▶ **Required action**: Only the pictures stay out; every record is to be quoted exactly.

☆ ☆ ☆ ☆ ☆ ☆ ☆

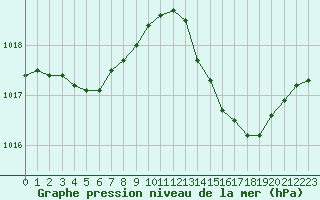 Courbe de la pression atmosphrique pour La Poblachuela (Esp)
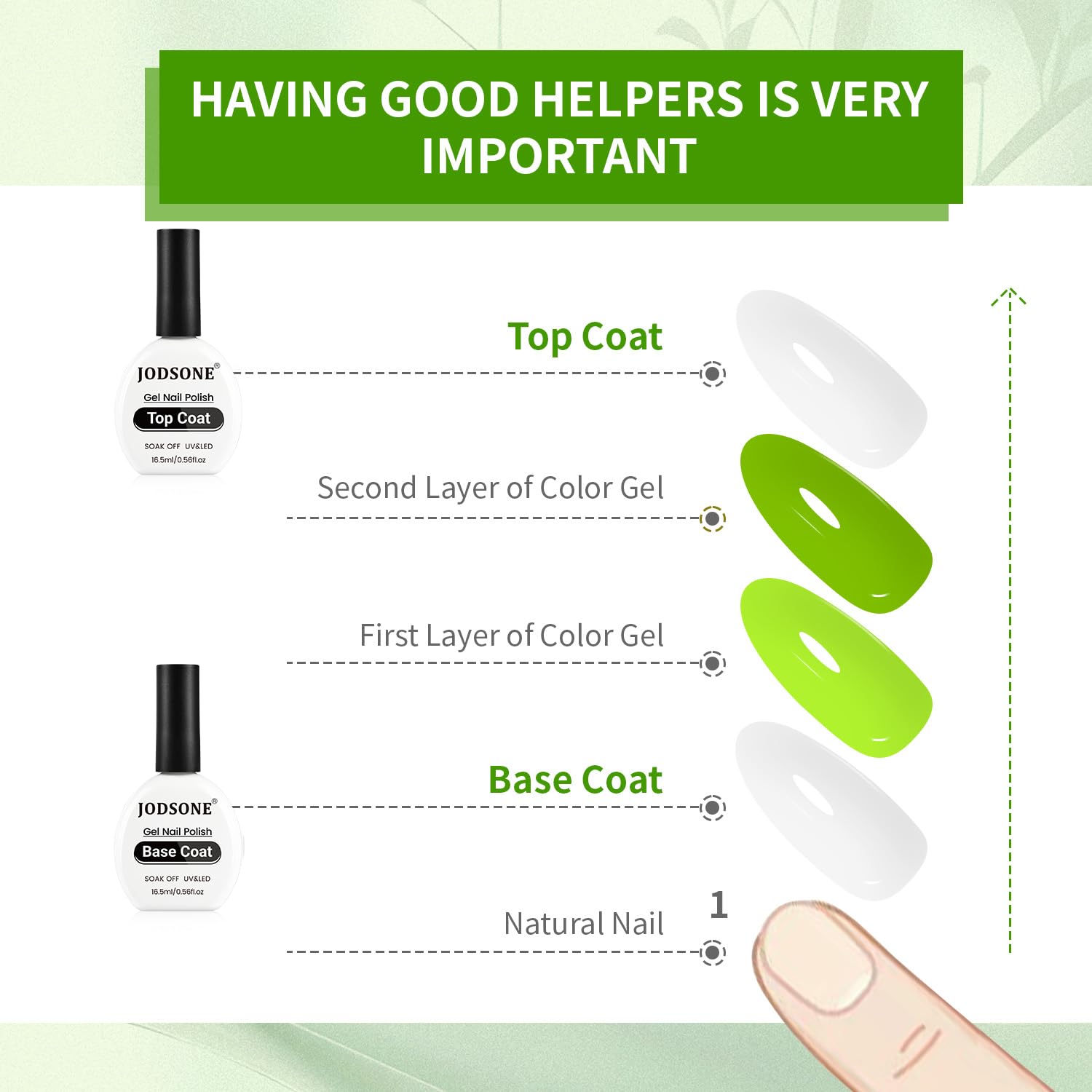 JODSONE mayor durabilidad para diseños de uñas por más días.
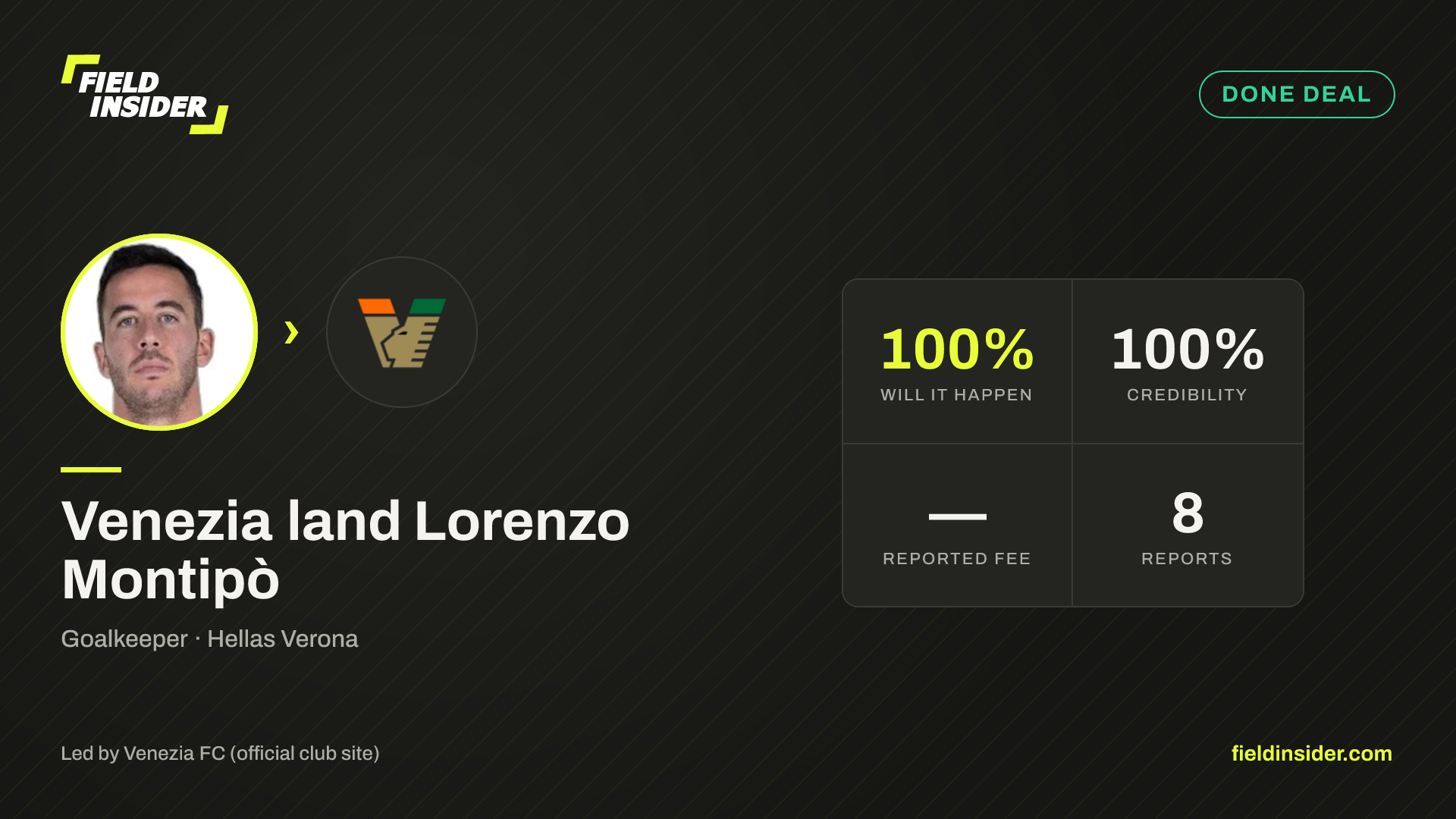 Venezia land Lorenzo Montipò — Field Insider report card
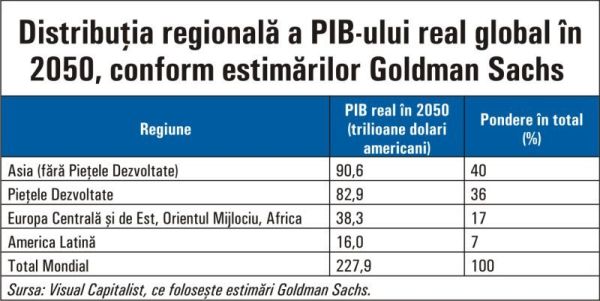 Goldman Sachs: "Economia Asiei o va depăşi pe cea a ţărilor dezvoltate, în câteva decenii"
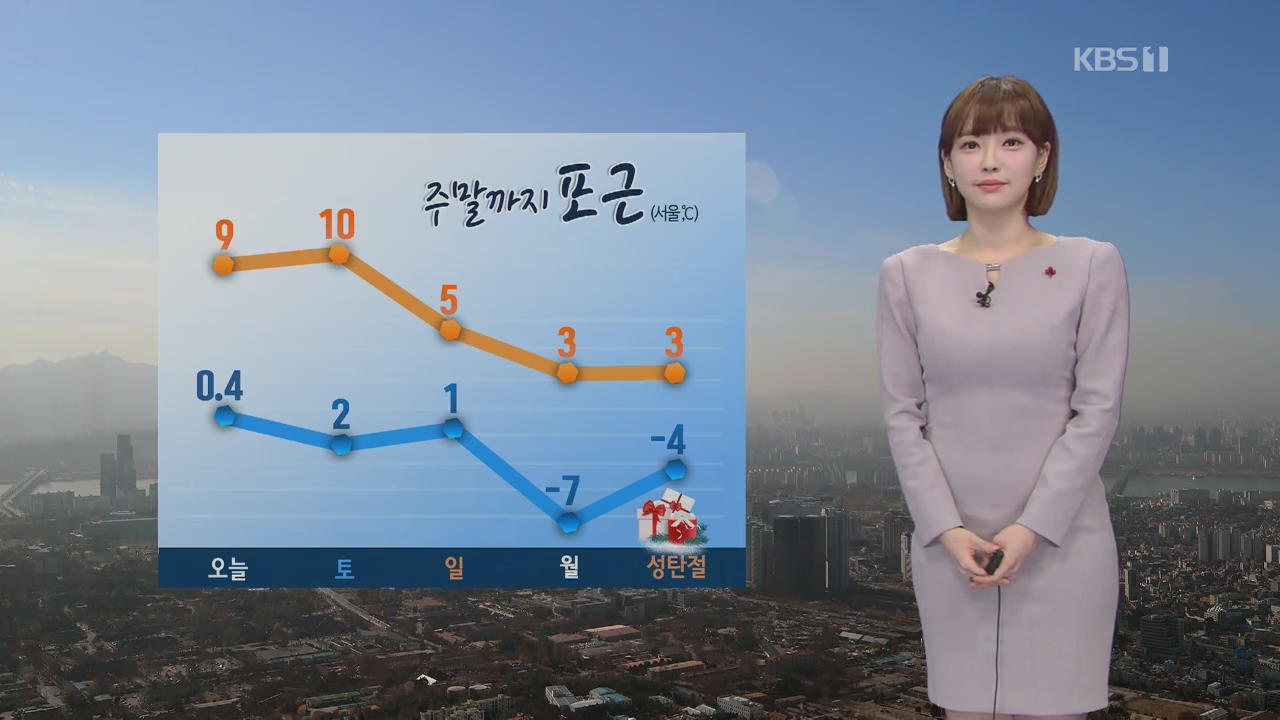 [날씨] 오늘도 전국 초미세먼지 ‘나쁨’…주말까지 포근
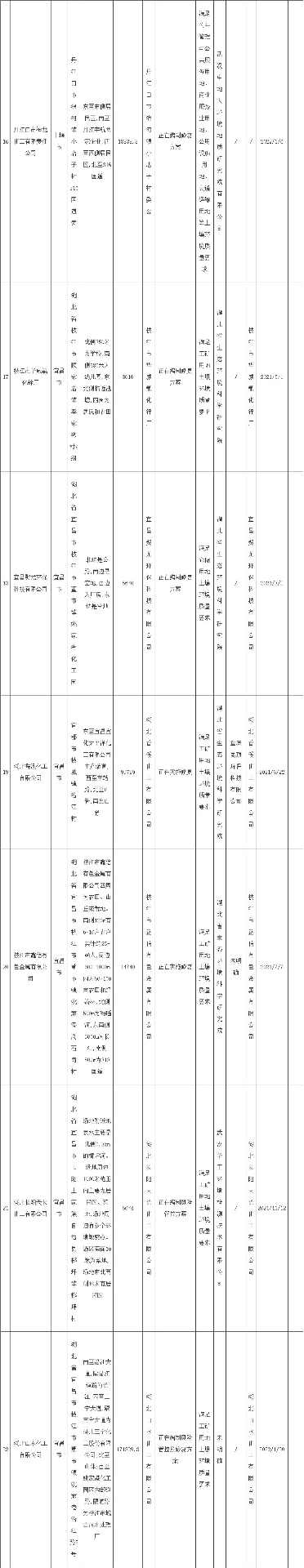 湖北省发布建设用地土壤污染风险管控和修复名录(2022年第四批)(图4)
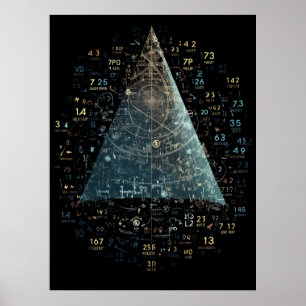 Wiskundige formules om echte wereldproblemen op te poster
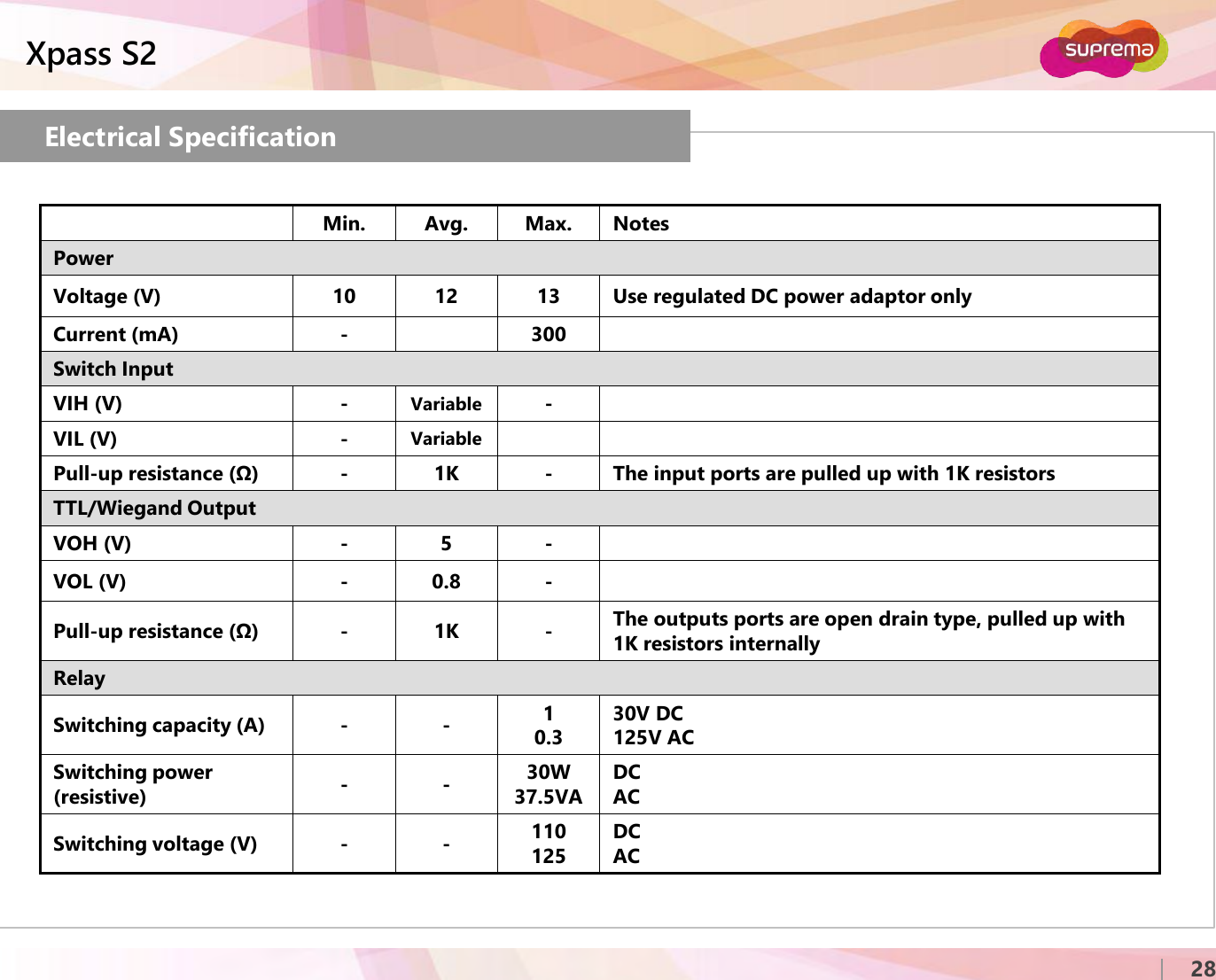 ⒸCopyright 2007 Suprema Inc.Xpass S228Electrical SpecificationMin. Avg. Max. NotesPowerVoltage (V) 10 12 13 Use regulated DC power adaptor onlyCurrent (mA) - 300Switch InputVIH (V) - Variable -VIL (V) - VariablePull-up resistance (Ω) -1K - The input ports are pulled up with 1K resistorsTTL/Wiegand OutputVOH (V) - 5 -VOL (V) - 0.8 -Pull-up resistance (Ω) -1K -The outputs ports are open drain type, pulled up with 1K resistors internallyRelaySwitching capacity (A) - - 10.330V DC125V ACSwitching power (resistive) - - 30W37.5VADCACSwitching voltage (V) - - 110125DCAC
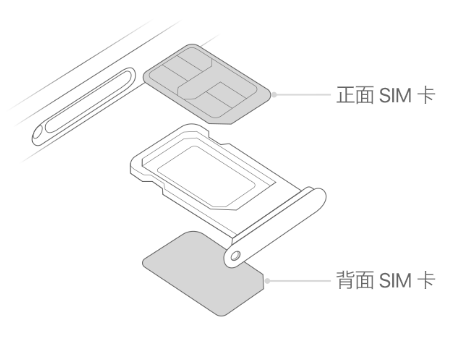 夹江苹果15维修分享iPhone15出现'无SIM卡'怎么办 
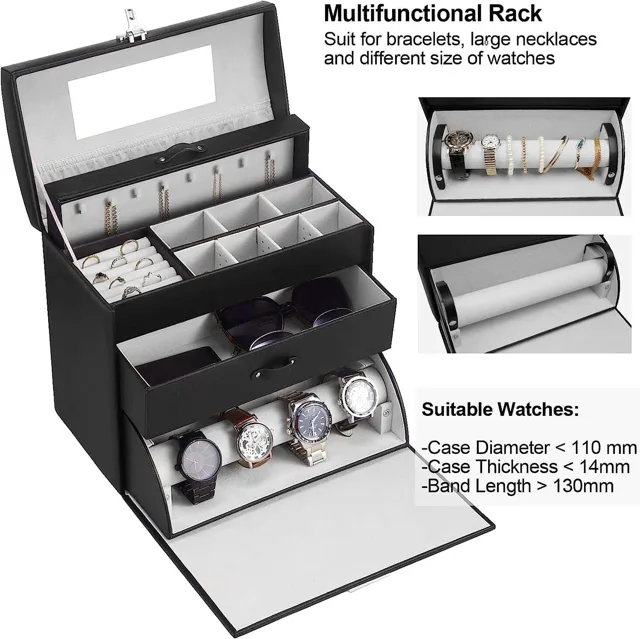 Infographic describing the multifunctional rack and watch fit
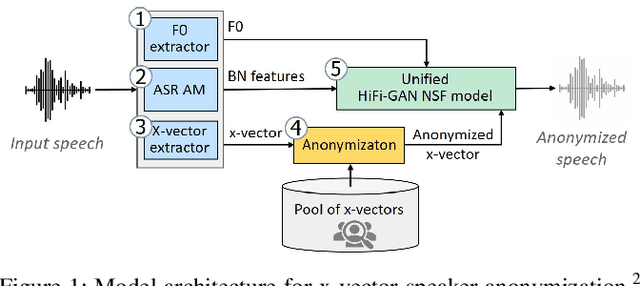 Figure 1 for Inference Attacks for X-Vector Speaker Anonymization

☆ ☆ ☆ ☆ ☆ ☆ ☆

▶ **Exercise output**:
 Courbe de la pression atmosphrique pour La Poblachuela (Esp)
 JODSONE mayor durabilidad para diseños de uñas por más días.
 Venezia land Lorenzo Montipò — Field Insider report card
 Goldman Sachs: "Economia Asiei o va depăşi pe cea a ţărilor dezvoltate, în câteva decenii"
 [날씨] 오늘도 전국 초미세먼지 ‘나쁨’…주말까지 포근
 湖北省发布建设用地土壤污染风险管控和修复名录(2022年第四批)(图4)
 Wiskundige formules om echte wereldproblemen op te poster
 ⒸCopyright 2007 Suprema Inc.Xpass S228Electrical SpecificationMin. Avg. Max. NotesPowerVoltage (V) 10 12 13 Use regulated DC power adaptor onlyCurrent (mA) - 300Switch InputVIH (V) - Variable -VIL (V) - VariablePull-up resistance (Ω) -1K - The input ports are pulled up with 1K resistorsTTL/Wiegand OutputVOH (V) - 5 -VOL (V) - 0.8 -Pull-up resistance (Ω) -1K -The outputs ports are open drain type, pulled up with 1K resistors internallyRelaySwitching capacity (A) - - 10.330V DC125V ACSwitching power (resistive) - - 30W37.5VADCACSwitching voltage (V) - - 110125DCAC
 夹江苹果15维修分享iPhone15出现'无SIM卡'怎么办 
 Infographic describing the multifunctional rack and watch fit
 Figure 1 for Inference Attacks for X-Vector Speaker Anonymization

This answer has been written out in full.